So-er, Are You Experienced?

We all make mistakes. Accept it and you will learn. Call it an opportunity and you will be free! Here’s my rant…

This a serious rant…

The gift of mistakes

We all make mistakes. And the good thing about making mistakes is that you can learn from your mistakes. When you make them you have the chance to learn something new. An undiscovered new path. Mistakes help me to improve, to get better. They are like a teacher. Even after playing guitar for over 35 years. Even after using the computer as a recording tool for over 27 years. Even after using Reason since 2001, Ableton Live since 2002, Cubase since 1989 and so on.

A mistake is an opportunity. A gift.

On the internet there are many gurus wanting to help me. Wanting to help me to mix better. To play better guitar. To learn stuff about sound I don’t know. And although there are some very experienced people out there my guess is there are a lot more gurus who simply lack a great deal of experience. They are simply selling the same myths over and over again. Cause they’ve read it somewhere on the web. And they are not interested in helping me either, a lot of them are only interested in making money.

And what sometimes happens is when I admire someone a little too much that I take for granted what he or she has to say. It is not what I have experienced, so it’s tricky stuff to start believing it myself. I am not saying you should never read or listen to other people’s opinions, tricks, tips and stuff like that. But try to find your own path by trusting your own instincts and by allowing yourself to make mistakes. The stuff that really works for you will resonate deep inside of you.

The audio world is full of myths. Higher numbers makes most people believe something is better. Great audio myth stories can be found at head-fi.org/t/486598/testing-audiophile-claims-and-myths

I have often stated that I love guitar amp simulator plugins.

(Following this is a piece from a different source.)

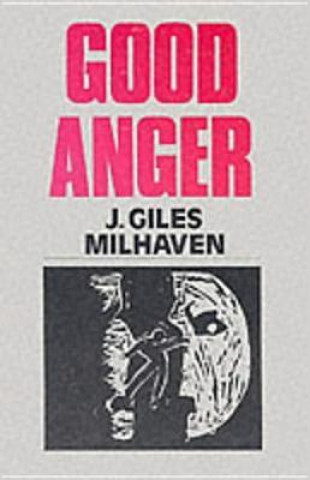 Kniha Good Anger John Giles Milhaven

A lot of people don’t eat that. Even when I ask them to do a listening test online. It feels as if they are scared for reality. Ignoring to experience it themselves. They ignore finding their own truth by believing the story of others. Something they have read and continue believing it.

This week I learned that The Legend sounds just as nice as a real Minimoog Model D but adds a few extra things a real analog Minimoog can’t do.

At first I wasn’t sure that this plugins sounds better than the real deal, but when a Reason user compared it to his true analog Moog Sub 37 I couldn’t ignore that The Legend sounded so much better than hardware, than a true analog Moog synth. Check:

Beyond mistakes

But what sounds better is relative. When Hendrix started overdriving his guitar some people thought it sounded awful, some people still do. But the cool thing about art (and therefore also music) is that there ain’t no right or wrong way in creating. Some people hate voices which are a bit out of tune but I am sure Keith Richards, Bob Dylan and Tom Waits don’t give a flying fuck about that. They want to sound human. Other creators (most of them these days) are very much into artificial voices, Kanye and Frank Ocean for example. They use Auto-Tune to correct what they consider as a mistake: a human voice that drifts a bit out of tune.

If I play a C# over a C major chord some might call it a mistake. But Miles Davis wouldn’t call it a mistake or a wrong note. C# is just a note. It might make you jump from C# to C, or maybe you want to take a different road. You can do anything starting from C#. It takes a lot of experience to be able to adapt to any notes and chords. To be a free player. To be able to see all notes and chords as opportunities. To go beyond mistakes and use your experience to go into different directions.

I have studied music theory, so I can solo over complex chord changes. There’s a lot of theory going on in my brain, modal thinking for example. But there’s a drawback to that theory: it can limit my creativity. Theory is like a safety net. But to get to the next level I need to accept that there are no wrong notes. That there are no wrong chords. That music, even when improvised, is never a mistake. There’s only an opportunity to take. We do that to experience the music which lives inside of us. And therefore there really aren’t any mistakes.